I am pleased to announce that today, Birks & Mayors Inc. launched a voluntary, one-time stock option amendment offer (the “Offer”) to allow its current employees, and subsidiaries’ employees who received certain stock option grants the opportunity to amend those options (the “Existing Options”). Only options granted under the Henry Birks & Sons Inc. Employee Stock Option Plan effective as of May 1, 1997 and amended as of June 20, 2000 or the Mayor’s Jewelers, Inc. 1991 Amended Stock Option Plan, with an exercise price per share greater than $4.00 (in the currency in which such options were granted), that remain outstanding as of the expiration of the Offer, are eligible to be amended. The amended options will have the same terms as the Existing Options except that they will have a lower exercise price, will be exercisable for a lesser number of our Class A voting shares, will have a new ten-year term, and will be subject to different terms in the event of a Change in Control or Going-Private Transaction, as such terms are defined in the document titled “Offer to Amend Certain Outstanding Options” (referred to as the “Offer to Amend”), or a liquidation or dissolution of Birks & Mayors Inc., as described in the Offer to Amend (the “Amended Options”). The amended exercise price will be equal to the greater of US$1.00 or the closing sale price of our Class A voting shares as reported on the NYSE Amex LLC on the expiration date of the Offer, which is expected to be April 16, 2010, plus 7%. The reduction in the number of Class A voting shares that can be acquired upon exercise of the Amended Options will be determined on the basis of an exchange ratio applied to Existing Options on a grant-by-grant basis. The number of Class A voting shares that will be subject to the Amended Options will depend on the per-share exercise price of the Existing Options, as follows:

 

Per-Share Exercise Price
of Existing Options

  

Exchange Ratio

$4.01 to $10.00    5 to 1
Over $10.00    20 to 1

We have prepared a number of resources to help you understand the terms and conditions of the Offer. These resources include the Offer to Amend and an Election Form, together with its associated instructions. Each of these documents is attached to this email. In addition, to help you recall which of your options are eligible for amendment under this Offer and to give you the information necessary to make an informed decision, please refer to the schedule attached to this email that lists your eligible options, the grant date of your eligible options, the exercise price of your eligible options, and the number of Class A voting shares subject to your eligible options. If you did not receive a schedule of your option information or need additional copies of such schedule, you may contact Hélène Delaney by telephone at (514) 397-2573 or email at hdelaney@birksandmayors.com.

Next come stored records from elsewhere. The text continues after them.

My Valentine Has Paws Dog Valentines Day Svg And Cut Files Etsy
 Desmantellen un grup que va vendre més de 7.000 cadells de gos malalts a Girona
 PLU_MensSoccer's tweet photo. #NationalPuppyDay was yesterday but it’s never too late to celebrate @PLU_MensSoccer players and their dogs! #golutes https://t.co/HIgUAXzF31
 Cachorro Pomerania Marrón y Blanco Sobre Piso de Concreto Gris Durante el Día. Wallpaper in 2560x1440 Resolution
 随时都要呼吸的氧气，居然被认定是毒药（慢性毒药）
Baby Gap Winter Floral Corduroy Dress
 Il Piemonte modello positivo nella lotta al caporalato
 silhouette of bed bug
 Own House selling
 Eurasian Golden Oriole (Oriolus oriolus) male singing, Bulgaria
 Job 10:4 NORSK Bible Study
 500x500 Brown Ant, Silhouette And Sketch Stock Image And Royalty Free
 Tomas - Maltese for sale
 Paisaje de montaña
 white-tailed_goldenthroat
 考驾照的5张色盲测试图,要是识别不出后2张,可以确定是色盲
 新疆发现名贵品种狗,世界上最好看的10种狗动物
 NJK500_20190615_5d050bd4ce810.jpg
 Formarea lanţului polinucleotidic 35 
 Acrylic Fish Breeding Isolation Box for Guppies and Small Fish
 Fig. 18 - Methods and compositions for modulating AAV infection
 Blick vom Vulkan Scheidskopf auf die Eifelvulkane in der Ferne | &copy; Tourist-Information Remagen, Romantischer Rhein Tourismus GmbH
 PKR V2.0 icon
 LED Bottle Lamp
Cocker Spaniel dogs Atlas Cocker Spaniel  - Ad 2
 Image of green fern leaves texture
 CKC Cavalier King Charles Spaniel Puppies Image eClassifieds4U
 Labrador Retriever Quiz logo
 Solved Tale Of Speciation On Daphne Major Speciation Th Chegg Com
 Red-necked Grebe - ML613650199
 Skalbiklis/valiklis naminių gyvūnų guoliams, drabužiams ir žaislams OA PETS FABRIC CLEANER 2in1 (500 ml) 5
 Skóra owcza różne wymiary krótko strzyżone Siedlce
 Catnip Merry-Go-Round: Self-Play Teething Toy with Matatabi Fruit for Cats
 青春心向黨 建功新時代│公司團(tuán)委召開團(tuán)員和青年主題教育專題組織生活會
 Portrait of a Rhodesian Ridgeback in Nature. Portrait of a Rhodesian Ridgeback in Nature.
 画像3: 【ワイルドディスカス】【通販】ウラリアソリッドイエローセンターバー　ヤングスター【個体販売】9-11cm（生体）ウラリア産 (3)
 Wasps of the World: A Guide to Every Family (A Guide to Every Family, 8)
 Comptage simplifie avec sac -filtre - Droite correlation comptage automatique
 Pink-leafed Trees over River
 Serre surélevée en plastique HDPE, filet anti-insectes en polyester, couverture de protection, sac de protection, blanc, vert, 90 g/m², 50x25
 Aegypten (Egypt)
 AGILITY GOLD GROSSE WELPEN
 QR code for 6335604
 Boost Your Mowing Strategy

To help explain the Offer and to answer any questions you may have, employee meetings will be held on March 19, 2010, at 10:00 a.m., Eastern Standard Time at our U.S. executive office in Tamarac, Florida in the HR Conference Room 207 on the 2nd floor and at the Company’s headquarters located in Montréal in the IT Conference Room on the 4th floor. If you cannot attend in person, you may attend a conference call on March 19, 2010 at 11:00 a.m., Eastern Standard Time, with access instructions to be provided as necessary. Please inform Hélène Delaney by e-mail at hdelaney@birksandmayors.com if you are unable to attend the meeting and intend to join the conference call.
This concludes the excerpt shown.